Provided material Start Marker
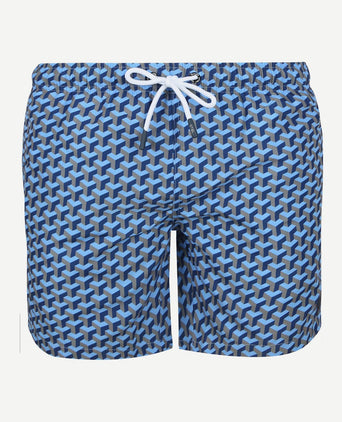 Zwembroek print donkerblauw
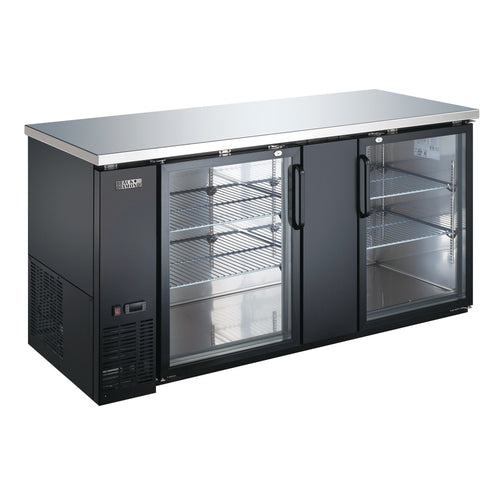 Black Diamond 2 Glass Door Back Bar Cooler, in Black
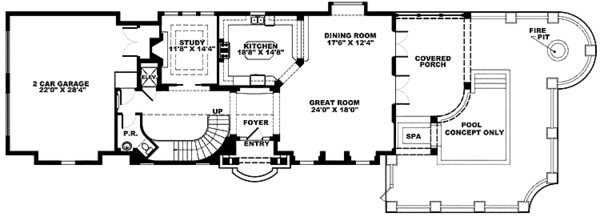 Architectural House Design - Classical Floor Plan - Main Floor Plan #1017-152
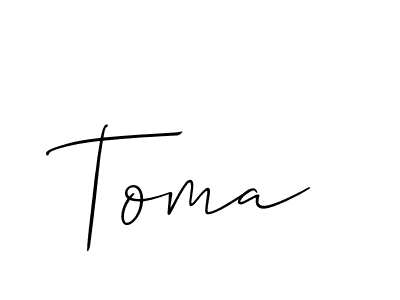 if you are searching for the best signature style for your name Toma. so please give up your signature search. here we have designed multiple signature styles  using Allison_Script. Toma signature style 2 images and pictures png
Provided material End Marker
Provided material Start Marker
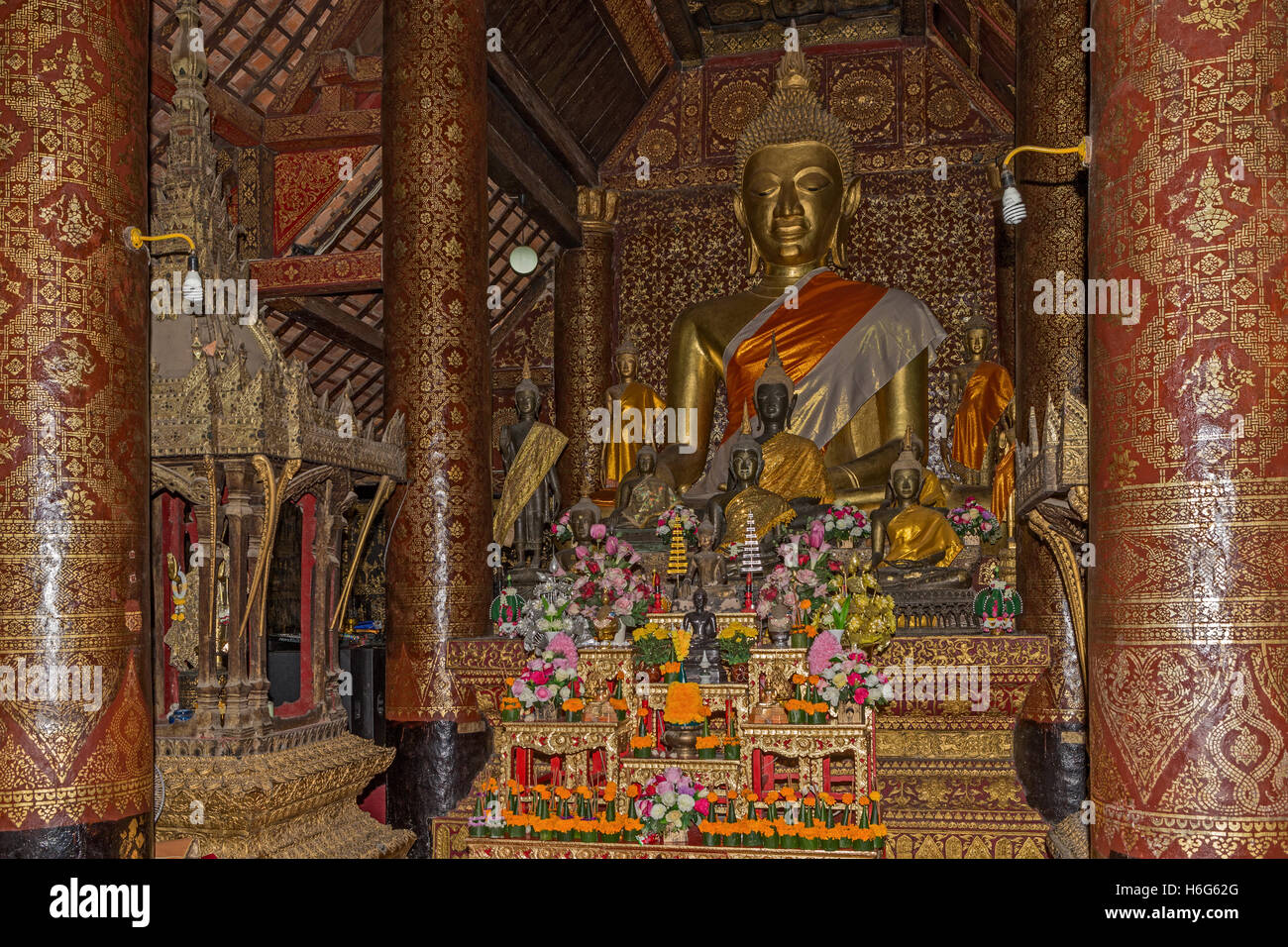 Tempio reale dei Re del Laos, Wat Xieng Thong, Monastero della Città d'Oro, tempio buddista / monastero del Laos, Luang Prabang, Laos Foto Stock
Provided material End Marker
Provided material Start Marker
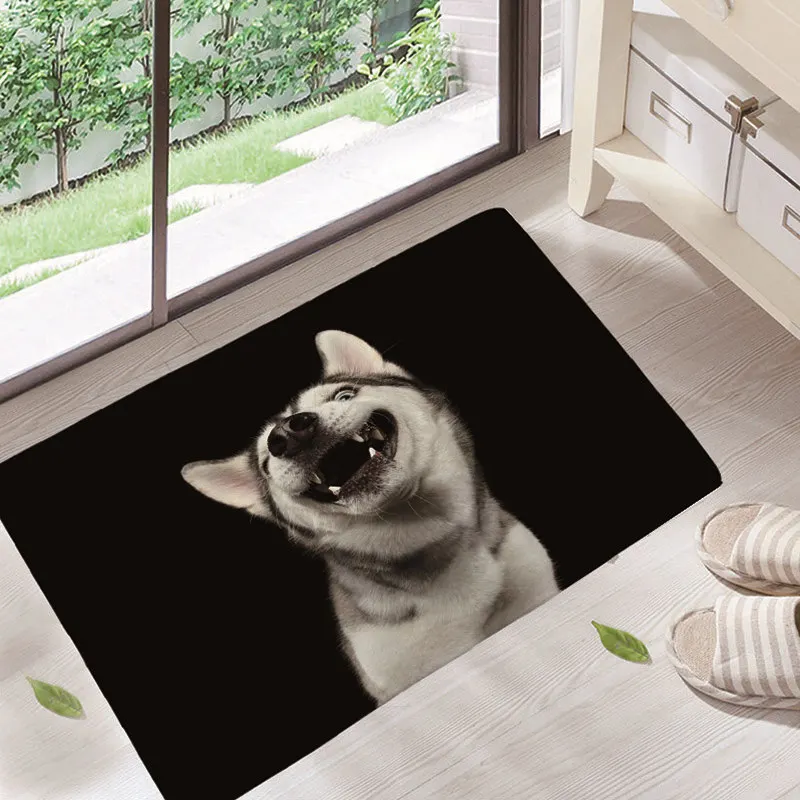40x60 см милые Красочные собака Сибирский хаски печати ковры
Provided material End Marker
→ **Work item**
In the records above, find the line with "Zwembroek print donkerblauw" and the line with "if you are searching". Write out exactly those lines and every one between, with no pictures and no other lines.

→ **Task output**
 Zwembroek print donkerblauw
 Black Diamond 2 Glass Door Back Bar Cooler, in Black
 Architectural House Design - Classical Floor Plan - Main Floor Plan #1017-152
 if you are searching for the best signature style for your name Toma. so please give up your signature search. here we have designed multiple signature styles  using Allison_Script. Toma signature style 2 images and pictures png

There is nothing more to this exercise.